* How to complete this task: After finding the line with "Laceeinla pornstar free images", restate it and each remaining line of the material word for word, omitting every picture.

Segment Start: Given data

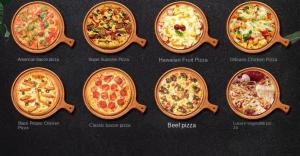 Cheap Standing Pizza Vending Machine Refrigerated Cold Pet Products Vending Machine wholesale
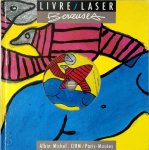 Michel Redolfi, Corneille [Illustrations] - Berceuses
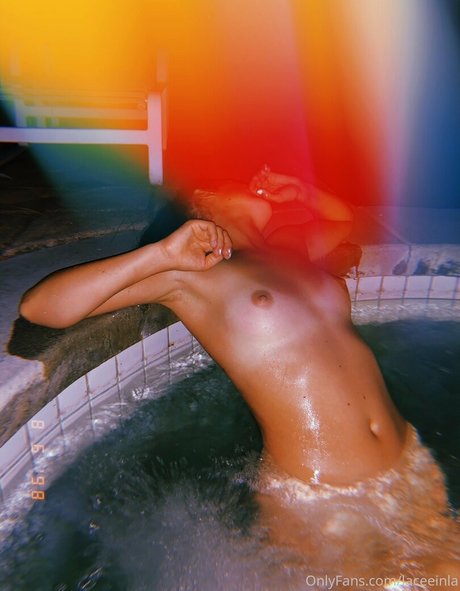 Laceeinla pornstar free images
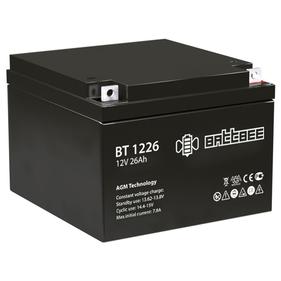 Электропитание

Segment End: Given data

* Final answer:
 Laceeinla pornstar free images
 Электропитание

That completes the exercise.